• Data provided:
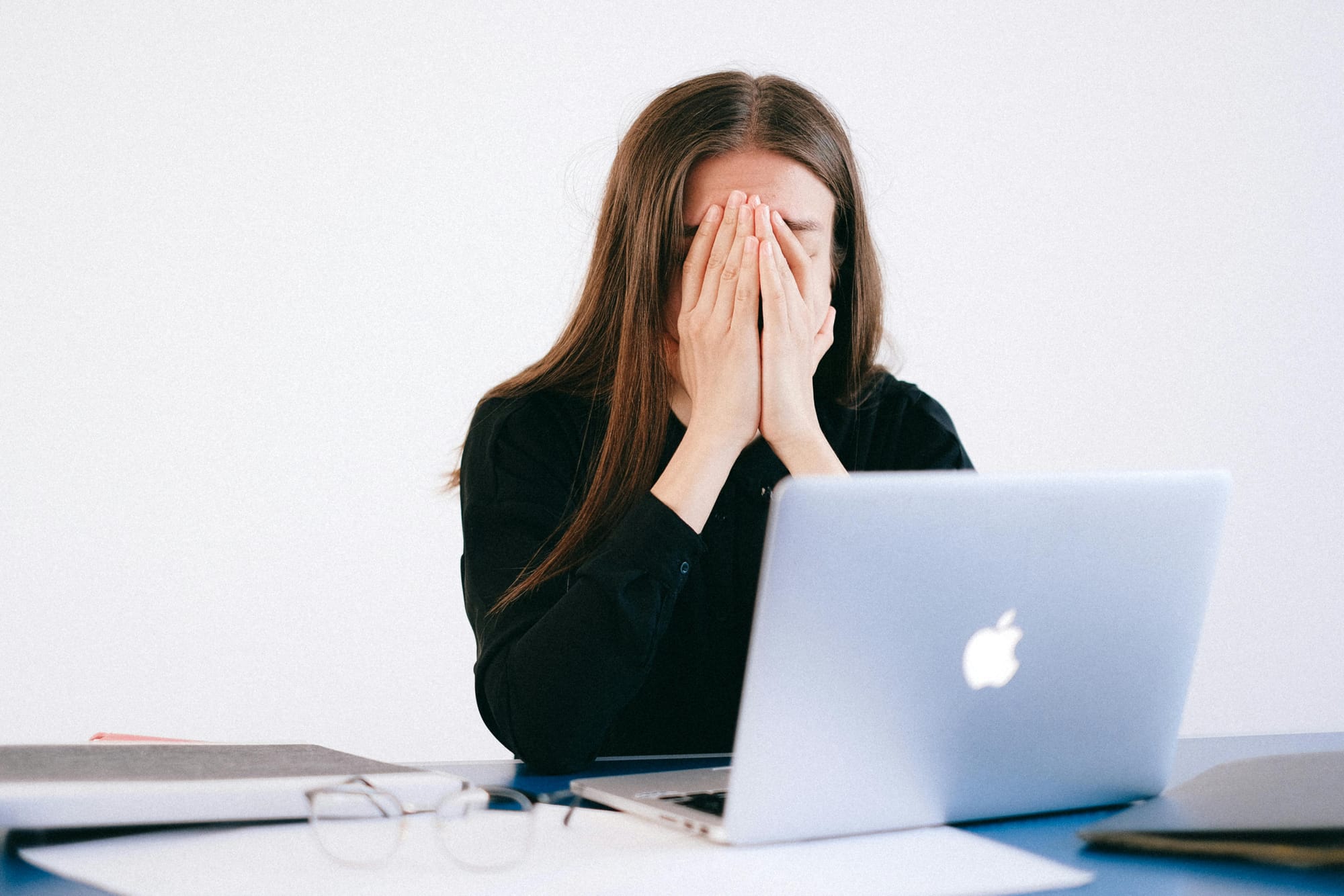 A woman at her laptop with her glasses on the table and her hands covering her face.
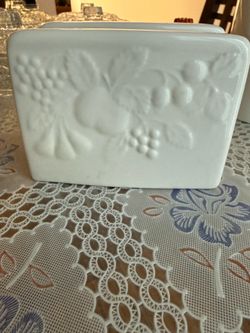 1 white ceramic napkin holder featuring an embossed fruit and grape pattern.
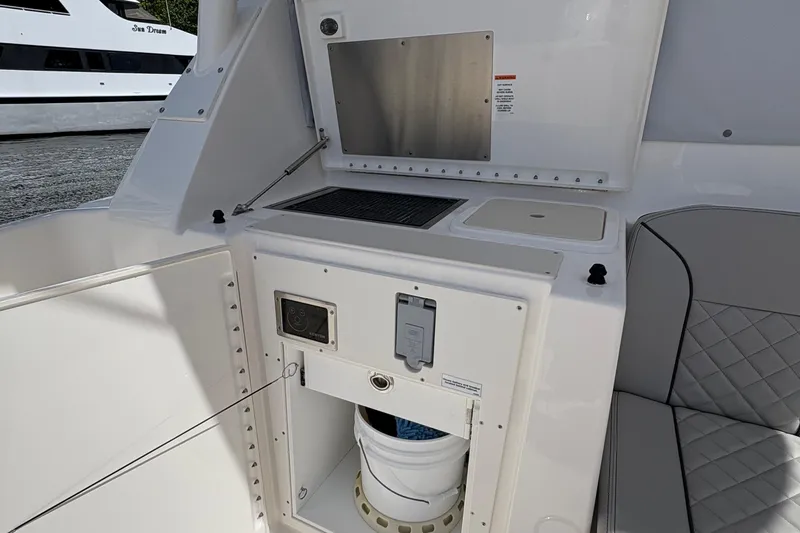 Lieuanna Yacht Photos Pics 2024 Pursuit OS 355 Offshore boat interior with kitchenette and seating area.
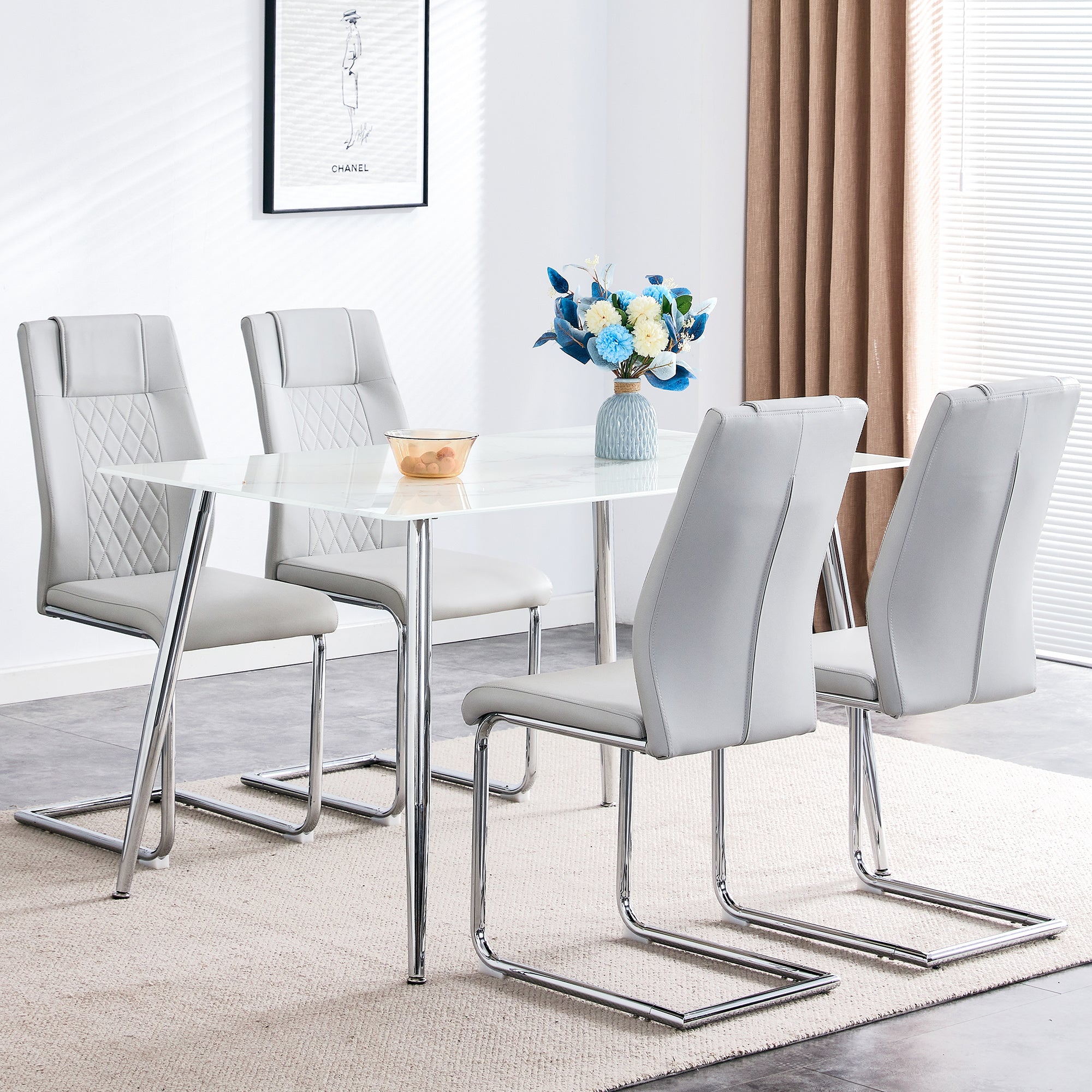 Table and chair set. 1 table with 4 light gray PU chairs. Modern minimalist rectangular white imitation marble dining table, with silver metal legs. Paired with 4 chairs with silver legs.DT-1544 c001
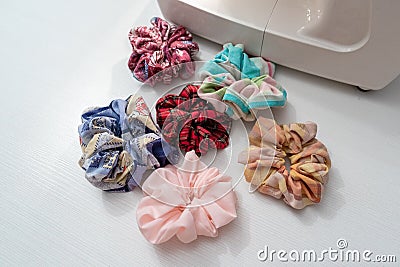 Scrunchies: handmade fabric colorful hair ties, sewing projects to do at home in quarantine Stock Photo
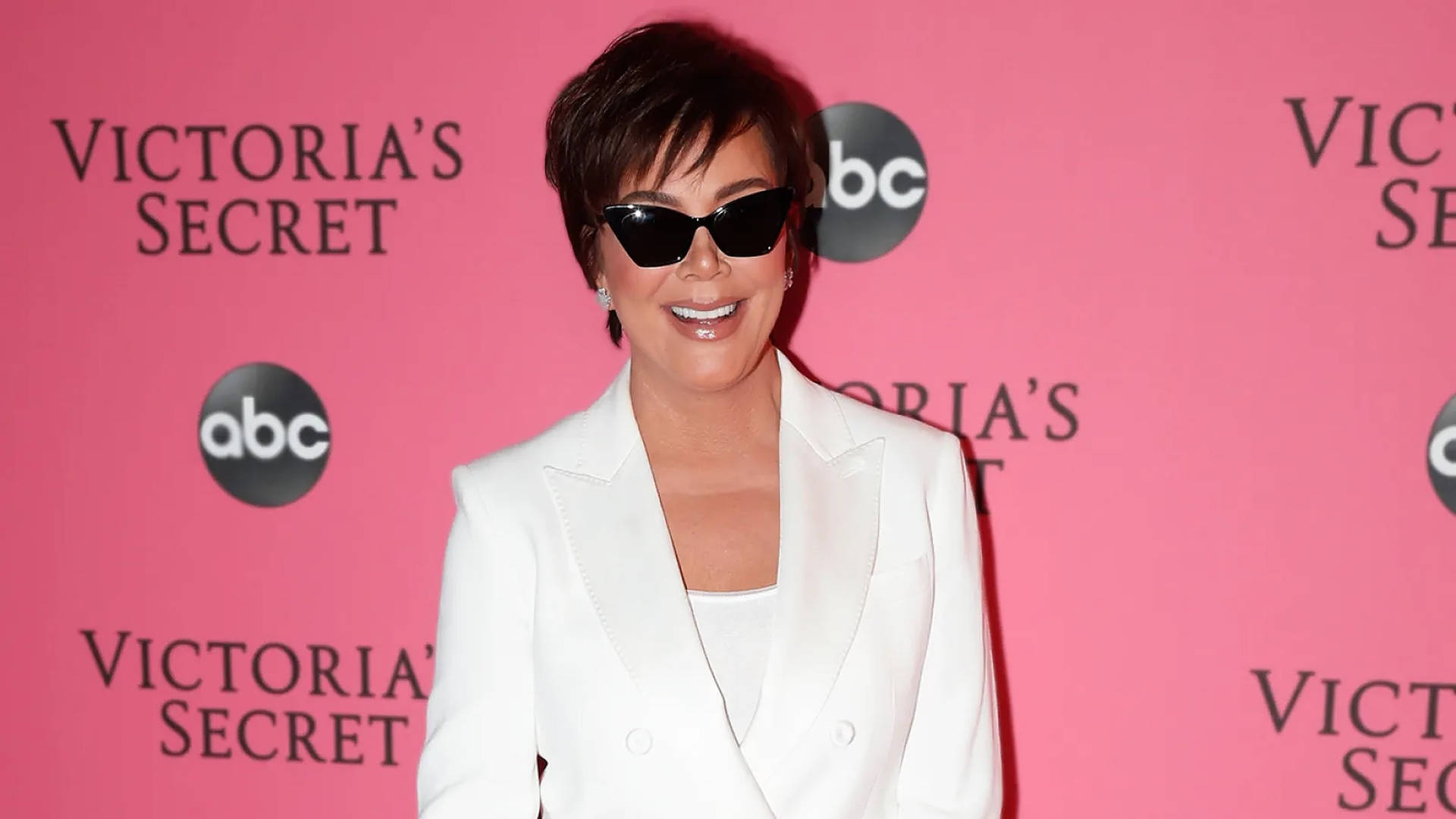 Kris Jenner 在Victoria's Secret活動中戴著太陽眼鏡和白色西裝外套。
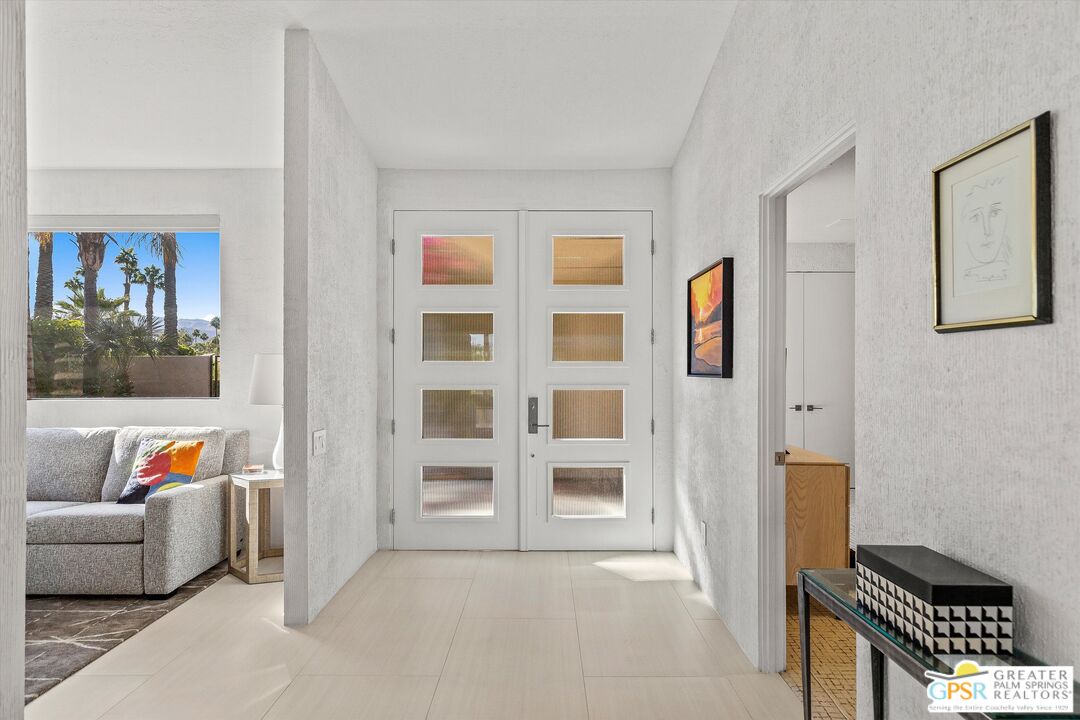 10201 Lakeview Drive Rancho Mirage, CA 92270 - Photo 2 of 28 a living room with furniture and a book shelf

• Exercise objective:
Please output every line of the listing as it stands, and omit its images.

• Written reply:
 A woman at her laptop with her glasses on the table and her hands covering her face.
 1 white ceramic napkin holder featuring an embossed fruit and grape pattern.
 Lieuanna Yacht Photos Pics 2024 Pursuit OS 355 Offshore boat interior with kitchenette and seating area.
 Table and chair set. 1 table with 4 light gray PU chairs. Modern minimalist rectangular white imitation marble dining table, with silver metal legs. Paired with 4 chairs with silver legs.DT-1544 c001
 Scrunchies: handmade fabric colorful hair ties, sewing projects to do at home in quarantine Stock Photo
 Kris Jenner 在Victoria's Secret活動中戴著太陽眼鏡和白色西裝外套。
 10201 Lakeview Drive Rancho Mirage, CA 92270 - Photo 2 of 28 a living room with furniture and a book shelf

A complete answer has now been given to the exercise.